Thanks Phil.

This is largely in-line with what I have been looking for since 2011 or so.
Instead of "software id", I was using the term "client class id" but that
would be more or less equivalent, though I like "client class id" better
than "software id" as a piece of software may imply client instance as
well.

I further was thinking that "client class id" should be a URI from which
the authorization server can pull the "software statement"/"class
properties" so that signing it would be optional and it could simply be a
plain JSON. That would make it easier to fix the "software statement" bugs
and adding more values (e.g. more language support) at a later date.

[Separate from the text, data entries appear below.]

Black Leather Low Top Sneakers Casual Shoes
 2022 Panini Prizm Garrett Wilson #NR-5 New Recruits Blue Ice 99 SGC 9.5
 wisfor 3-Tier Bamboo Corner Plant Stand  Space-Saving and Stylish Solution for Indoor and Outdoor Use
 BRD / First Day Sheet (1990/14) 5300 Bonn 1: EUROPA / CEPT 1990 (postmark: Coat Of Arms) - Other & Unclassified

As to the "association" is concerned, it would be really nice if the
response includes the link relationship in the response JSON like in
http://tools.ietf.org/html/draft-sakimura-oauth-meta . By doing so, the
client instance can learn which authorization endpoint and so on that it
should use [1]. This would allow the server to assign different endpoints
to different client instances for scalability, security, billing and all
sorts of other reasons. It would also achieve HATEOAS.

As to the relationship with the dynreg draft is concerned, I kind of see
dynreg as an API to talk to the software publisher.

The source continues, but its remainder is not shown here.